The full listing is to be returned exactly as given, but without pictures.

(SUPPLIED INFORMATION)
+---+

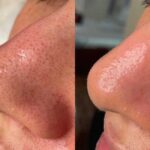 Why Everyone in Calgary is Searching for HydraFacial Near Me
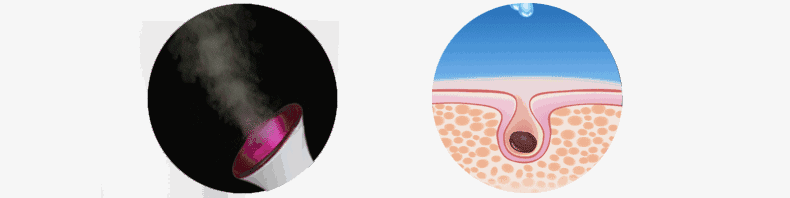 蒸臉器的最佳使用方法 蒸臉器哪個牌子好 蒸臉器的最佳使用方法 蒸臉器哪個牌子好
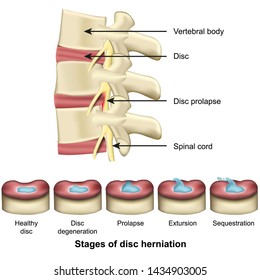 Stages Of Disc Herniation Spine And Disc Anatomy 3d Medical Vector Illustration Eps 10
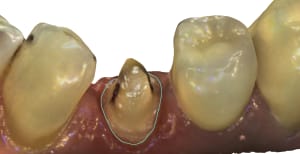 Mandibule 56 id85 dy6me9 - Eugenol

+---+

(SOLUTION FOR THIS EXERCISE)
 Why Everyone in Calgary is Searching for HydraFacial Near Me
 蒸臉器的最佳使用方法 蒸臉器哪個牌子好 蒸臉器的最佳使用方法 蒸臉器哪個牌子好
 Stages Of Disc Herniation Spine And Disc Anatomy 3d Medical Vector Illustration Eps 10
 Mandibule 56 id85 dy6me9 - Eugenol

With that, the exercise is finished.